Public release date: 26-Jun-2008
Liver Cancer is the Third Most Common Global Cause of Cancer Death
A new large, prospective population-based study confirms an inverse relationship between coffee consumption and liver cancer risk. The study also found that higher levels of gamma-glutamyltransferase (GGT) in the blood were associated with an increased risk of developing the disease. These findings are published in the July issue of Hepatology, a journal published by John Wiley & Sons on behalf of the American Association for the Study of Liver Diseases (AASLD). The article and an accompanying editorial are also available online at Wiley Interscience (www.interscience.wiley.com).
Researchers led by Gang Hu at the University of Helsinki set out to examine the associations between coffee consumption and serum GGT with the risk of liver cancer in a large prospective cohort. Residents of Finland drink more coffee per capita than the Japanese, Americans, Italians, and other Europeans, so Hu and colleagues studied 60,323 Finnish participants ages 25 to 74 who were cancer-free at baseline. The Finns were included in seven independent cross-sectional population surveys conducted between 1972 and 2002 and followed up through June 2006.
The participants completed a mail-in questionnaire about their medical history, socioeconomic factors and dietary and lifestyle habits. For a subset of participants, clinical data was available, including serum levels of GGT. Data on subsequent cancer diagnoses was collected from the country-wide Finnish Cancer Registry.
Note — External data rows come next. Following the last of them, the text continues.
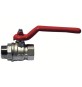 VALVOLA A SFERA MF CON LEVA ROSSA 1"1/4 (DN 32) 25 bar/ 362.5psi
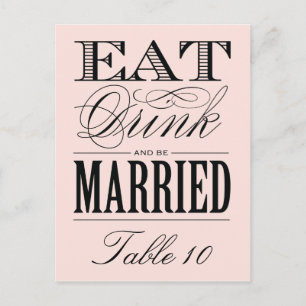 & VERHEIRATET TISCHNUMMER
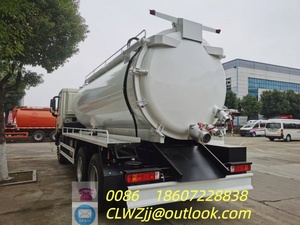 Camion de vidange des eaux usées à réservoir de 20 m3, à double essieu arrière, diesel manuel Euro 3 Foton, 270 chevaux, vente chaude - Product Image 6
Based on their answers to the question: “How many cups of coffee do you drink daily?” the participants were divided into five categories: 0-1 cup, 2-3 cups, 4-5 cups, 6-7 cups, and 8 or more cups per day. After a median follow-up period of 19.3 years, 128 participants were diagnosed with liver cancer.
The researchers noted a significant inverse association between coffee drinking and the risk of primary liver cancer. They found that the multivariable hazards ratio of liver cancer dropped for each group that drank more coffee. It fell from 1.00, to .66, to .44, to .38 to .32 respectively. “The biological mechanisms behind the association of coffee consumption with the risk of liver cancer are not known,” the authors point out.
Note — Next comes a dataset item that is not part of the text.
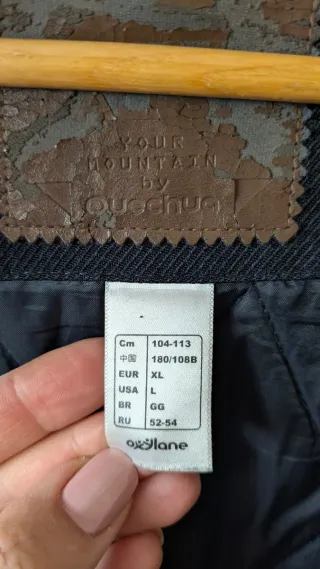 Chaqueta vestir Quechua Negra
They also found that high levels of serum GGT were associated with an increased risk of liver cancer. The hazard ratio of liver cancer for the highest vs. lowest quartile of serum GGT was 3.13. “Nevertheless,” they report, “the inverse association between coffee consumption and the risk of liver cancer was consistent in the subjects at any level of serum GGT.”
An accompanying editorial by Carlo La Vecchia of Milan says that Hu’s new study solidly confirms the inverse relationship between coffee drinking and liver cancer risk, though we still don’t know if it is causal. “Furthermore, the study by Hu et al. provides original and important quantitative evidence that the levels of GGT are related to subsequent incidence of liver cancer, with an overall relative risk of 2.3,” he says.
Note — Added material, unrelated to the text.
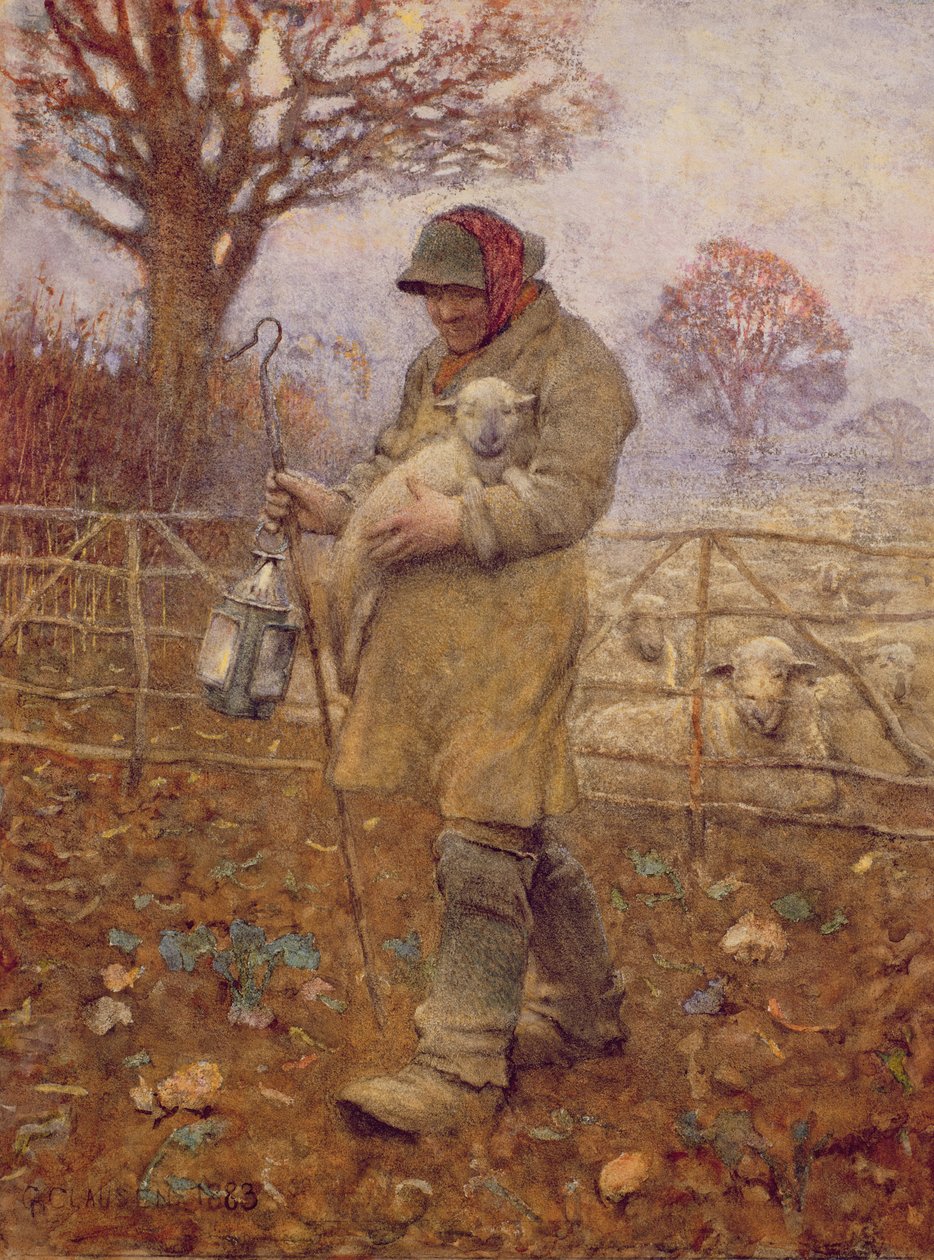 Pastor com um cordeiro, 1883 de George Clausen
La Vecchia notes, however, that, “It remains difficult, however, to translate the inverse relation between coffee drinking and liver cancer risk observed in epidemiological studies into potential implications for prevention of liver cancer by increasing coffee consumption.”
Article: “Joint effects of coffee consumption and serum gamma-glutamyltransferase on the risk of liver cancer.” Hu, Gang; Tuomilehto, Jaakko; Pukkala, Eero; Hakulinen, Timo; Antikainen, Riitta; Vartiainen, Erkki; Jousilahti, Pekka. Hepatology; July 2008; 10.1002/hep.22320; Published online 3/18/08.